### What this task involves
Take the listing below and print exactly the lines starting at the line containing "Burger King'in At Sevgisi" and ending at the line containing "AJSE-01 EMBROIDERED COTTON", both ends included, and no others.

### Recorded data
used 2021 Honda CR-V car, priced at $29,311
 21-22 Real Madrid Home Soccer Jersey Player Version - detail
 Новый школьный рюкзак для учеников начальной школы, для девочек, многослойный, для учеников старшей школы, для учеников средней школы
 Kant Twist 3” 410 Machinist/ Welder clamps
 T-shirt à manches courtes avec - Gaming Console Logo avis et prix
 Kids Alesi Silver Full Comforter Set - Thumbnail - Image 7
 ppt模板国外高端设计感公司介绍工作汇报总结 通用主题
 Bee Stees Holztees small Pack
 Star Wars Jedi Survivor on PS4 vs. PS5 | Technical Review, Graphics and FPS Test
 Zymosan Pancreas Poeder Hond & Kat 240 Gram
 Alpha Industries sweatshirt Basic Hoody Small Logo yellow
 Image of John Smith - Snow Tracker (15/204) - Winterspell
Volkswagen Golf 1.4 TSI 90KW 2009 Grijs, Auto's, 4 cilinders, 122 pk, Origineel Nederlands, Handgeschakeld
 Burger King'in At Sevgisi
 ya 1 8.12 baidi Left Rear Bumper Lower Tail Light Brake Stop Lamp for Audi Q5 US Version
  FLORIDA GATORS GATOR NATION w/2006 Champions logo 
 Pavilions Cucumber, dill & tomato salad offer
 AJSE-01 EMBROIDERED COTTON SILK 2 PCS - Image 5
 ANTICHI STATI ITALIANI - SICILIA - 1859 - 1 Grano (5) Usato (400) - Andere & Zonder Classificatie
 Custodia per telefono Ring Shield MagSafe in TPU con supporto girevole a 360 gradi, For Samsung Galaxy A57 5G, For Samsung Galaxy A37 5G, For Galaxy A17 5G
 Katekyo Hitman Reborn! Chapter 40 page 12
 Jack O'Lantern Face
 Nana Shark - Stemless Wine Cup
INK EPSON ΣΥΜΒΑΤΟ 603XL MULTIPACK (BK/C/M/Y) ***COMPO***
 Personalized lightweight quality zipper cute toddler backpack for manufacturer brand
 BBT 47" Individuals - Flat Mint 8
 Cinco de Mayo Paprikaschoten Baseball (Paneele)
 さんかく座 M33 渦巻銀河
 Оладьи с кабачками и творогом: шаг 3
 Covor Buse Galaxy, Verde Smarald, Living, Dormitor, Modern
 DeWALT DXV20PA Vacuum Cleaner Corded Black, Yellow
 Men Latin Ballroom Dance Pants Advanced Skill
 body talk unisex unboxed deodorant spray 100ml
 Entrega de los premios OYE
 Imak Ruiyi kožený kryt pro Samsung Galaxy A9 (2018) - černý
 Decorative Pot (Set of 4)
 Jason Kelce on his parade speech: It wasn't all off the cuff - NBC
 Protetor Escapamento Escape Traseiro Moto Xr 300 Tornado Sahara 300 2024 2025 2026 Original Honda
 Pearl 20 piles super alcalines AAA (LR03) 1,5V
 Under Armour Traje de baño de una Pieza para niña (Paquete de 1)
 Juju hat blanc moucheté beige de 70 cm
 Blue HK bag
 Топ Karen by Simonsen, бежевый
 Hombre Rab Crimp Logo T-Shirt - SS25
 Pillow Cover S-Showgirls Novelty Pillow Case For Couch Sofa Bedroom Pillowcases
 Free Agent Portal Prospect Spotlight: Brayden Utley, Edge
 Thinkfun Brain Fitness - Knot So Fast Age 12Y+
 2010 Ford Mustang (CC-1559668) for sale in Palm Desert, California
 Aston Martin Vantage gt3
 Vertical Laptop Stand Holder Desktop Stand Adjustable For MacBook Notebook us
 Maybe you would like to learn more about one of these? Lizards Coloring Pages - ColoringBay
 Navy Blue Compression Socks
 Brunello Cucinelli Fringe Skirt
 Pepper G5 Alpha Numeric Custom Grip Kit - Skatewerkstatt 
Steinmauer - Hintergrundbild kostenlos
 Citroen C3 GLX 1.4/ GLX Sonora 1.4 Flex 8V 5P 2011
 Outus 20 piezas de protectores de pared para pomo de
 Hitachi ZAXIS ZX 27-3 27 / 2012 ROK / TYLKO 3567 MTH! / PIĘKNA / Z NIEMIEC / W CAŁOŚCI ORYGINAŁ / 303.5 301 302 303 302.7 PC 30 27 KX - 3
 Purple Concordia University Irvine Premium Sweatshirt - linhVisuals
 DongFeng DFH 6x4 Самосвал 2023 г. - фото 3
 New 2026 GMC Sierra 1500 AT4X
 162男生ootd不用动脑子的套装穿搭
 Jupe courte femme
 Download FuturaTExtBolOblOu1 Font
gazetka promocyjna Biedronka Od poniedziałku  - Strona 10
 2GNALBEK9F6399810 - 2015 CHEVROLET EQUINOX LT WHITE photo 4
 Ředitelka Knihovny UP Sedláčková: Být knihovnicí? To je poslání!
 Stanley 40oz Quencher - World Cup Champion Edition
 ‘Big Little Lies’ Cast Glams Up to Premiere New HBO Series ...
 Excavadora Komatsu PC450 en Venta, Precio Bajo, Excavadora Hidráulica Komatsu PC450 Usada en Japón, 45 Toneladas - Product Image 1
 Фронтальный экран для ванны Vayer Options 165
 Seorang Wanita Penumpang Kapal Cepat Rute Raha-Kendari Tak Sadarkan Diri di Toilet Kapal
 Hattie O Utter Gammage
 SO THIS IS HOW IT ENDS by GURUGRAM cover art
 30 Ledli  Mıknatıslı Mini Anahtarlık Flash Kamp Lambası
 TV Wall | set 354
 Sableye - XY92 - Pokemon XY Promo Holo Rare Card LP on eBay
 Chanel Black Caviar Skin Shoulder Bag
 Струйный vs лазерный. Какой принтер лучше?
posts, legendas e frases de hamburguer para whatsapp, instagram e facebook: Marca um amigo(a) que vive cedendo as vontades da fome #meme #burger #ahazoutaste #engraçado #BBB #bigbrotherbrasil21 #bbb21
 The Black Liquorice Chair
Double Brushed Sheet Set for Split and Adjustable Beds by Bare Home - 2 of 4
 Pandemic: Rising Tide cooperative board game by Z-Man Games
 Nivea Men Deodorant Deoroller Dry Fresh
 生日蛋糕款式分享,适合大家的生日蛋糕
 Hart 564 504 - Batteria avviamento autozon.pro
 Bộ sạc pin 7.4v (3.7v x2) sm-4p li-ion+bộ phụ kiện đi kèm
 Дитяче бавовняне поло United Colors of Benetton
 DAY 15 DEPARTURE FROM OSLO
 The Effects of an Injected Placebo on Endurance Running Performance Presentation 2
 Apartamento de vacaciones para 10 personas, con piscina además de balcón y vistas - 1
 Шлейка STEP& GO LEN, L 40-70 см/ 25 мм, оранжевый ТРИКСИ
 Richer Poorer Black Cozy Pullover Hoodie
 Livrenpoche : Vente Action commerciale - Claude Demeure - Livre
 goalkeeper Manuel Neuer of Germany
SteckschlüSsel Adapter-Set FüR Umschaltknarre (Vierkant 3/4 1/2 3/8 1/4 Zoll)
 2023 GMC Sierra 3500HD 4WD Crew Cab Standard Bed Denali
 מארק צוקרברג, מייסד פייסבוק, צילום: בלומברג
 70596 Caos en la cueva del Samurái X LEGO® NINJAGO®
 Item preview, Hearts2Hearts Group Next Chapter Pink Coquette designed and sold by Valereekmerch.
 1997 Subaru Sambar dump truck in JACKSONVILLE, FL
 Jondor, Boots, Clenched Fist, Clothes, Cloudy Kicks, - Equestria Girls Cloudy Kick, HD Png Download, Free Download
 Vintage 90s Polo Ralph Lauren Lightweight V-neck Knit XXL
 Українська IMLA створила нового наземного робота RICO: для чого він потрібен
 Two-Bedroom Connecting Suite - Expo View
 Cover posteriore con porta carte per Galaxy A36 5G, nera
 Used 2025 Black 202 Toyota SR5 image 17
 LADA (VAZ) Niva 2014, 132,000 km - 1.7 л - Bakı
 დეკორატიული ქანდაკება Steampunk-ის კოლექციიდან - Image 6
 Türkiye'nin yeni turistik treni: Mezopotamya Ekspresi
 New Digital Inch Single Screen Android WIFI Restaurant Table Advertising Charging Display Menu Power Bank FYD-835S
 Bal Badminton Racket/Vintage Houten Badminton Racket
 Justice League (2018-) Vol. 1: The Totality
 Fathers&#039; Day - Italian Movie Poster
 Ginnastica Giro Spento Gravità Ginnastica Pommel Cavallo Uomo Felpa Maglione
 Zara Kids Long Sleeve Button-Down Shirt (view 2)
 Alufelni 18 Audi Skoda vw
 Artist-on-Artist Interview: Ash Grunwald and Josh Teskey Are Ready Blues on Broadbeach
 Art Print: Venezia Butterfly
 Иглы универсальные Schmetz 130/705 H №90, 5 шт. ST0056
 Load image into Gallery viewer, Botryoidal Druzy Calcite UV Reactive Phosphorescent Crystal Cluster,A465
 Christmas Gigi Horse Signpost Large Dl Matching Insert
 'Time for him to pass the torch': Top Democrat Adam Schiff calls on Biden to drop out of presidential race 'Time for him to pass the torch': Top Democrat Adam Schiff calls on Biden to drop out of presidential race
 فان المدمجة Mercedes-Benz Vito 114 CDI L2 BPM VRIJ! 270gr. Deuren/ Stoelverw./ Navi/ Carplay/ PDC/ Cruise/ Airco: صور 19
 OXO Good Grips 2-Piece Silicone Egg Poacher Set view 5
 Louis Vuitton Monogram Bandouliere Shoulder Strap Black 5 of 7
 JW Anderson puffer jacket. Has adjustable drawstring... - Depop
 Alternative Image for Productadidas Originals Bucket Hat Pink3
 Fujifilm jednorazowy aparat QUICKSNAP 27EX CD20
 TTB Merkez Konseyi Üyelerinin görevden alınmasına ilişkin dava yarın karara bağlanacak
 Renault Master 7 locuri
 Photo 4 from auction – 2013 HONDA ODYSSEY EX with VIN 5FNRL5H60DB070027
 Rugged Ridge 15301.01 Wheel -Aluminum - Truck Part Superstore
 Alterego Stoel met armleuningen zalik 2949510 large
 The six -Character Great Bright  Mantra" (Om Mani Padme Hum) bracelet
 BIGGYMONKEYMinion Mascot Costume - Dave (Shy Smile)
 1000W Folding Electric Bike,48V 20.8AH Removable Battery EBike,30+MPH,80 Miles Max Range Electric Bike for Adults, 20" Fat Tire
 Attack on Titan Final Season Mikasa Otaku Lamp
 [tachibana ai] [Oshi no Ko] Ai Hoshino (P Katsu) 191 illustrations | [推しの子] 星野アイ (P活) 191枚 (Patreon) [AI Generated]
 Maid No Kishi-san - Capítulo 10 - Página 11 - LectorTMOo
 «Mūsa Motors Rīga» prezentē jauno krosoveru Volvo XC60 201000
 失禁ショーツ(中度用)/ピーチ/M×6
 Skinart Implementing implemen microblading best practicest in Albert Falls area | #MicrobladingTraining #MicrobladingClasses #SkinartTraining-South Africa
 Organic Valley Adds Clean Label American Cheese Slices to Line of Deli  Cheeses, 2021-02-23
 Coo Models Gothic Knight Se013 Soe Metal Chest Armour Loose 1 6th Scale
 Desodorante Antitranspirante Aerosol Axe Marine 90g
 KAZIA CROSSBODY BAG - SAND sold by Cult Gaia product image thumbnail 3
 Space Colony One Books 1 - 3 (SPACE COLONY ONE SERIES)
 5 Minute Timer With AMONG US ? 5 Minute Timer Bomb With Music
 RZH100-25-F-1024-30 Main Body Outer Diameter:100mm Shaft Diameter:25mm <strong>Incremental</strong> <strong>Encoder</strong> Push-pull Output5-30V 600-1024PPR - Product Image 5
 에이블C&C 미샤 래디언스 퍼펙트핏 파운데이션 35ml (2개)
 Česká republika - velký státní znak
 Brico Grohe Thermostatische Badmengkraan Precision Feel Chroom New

### Response for this exercise
 Burger King'in At Sevgisi
 ya 1 8.12 baidi Left Rear Bumper Lower Tail Light Brake Stop Lamp for Audi Q5 US Version
  FLORIDA GATORS GATOR NATION w/2006 Champions logo 
 Pavilions Cucumber, dill & tomato salad offer
 AJSE-01 EMBROIDERED COTTON SILK 2 PCS - Image 5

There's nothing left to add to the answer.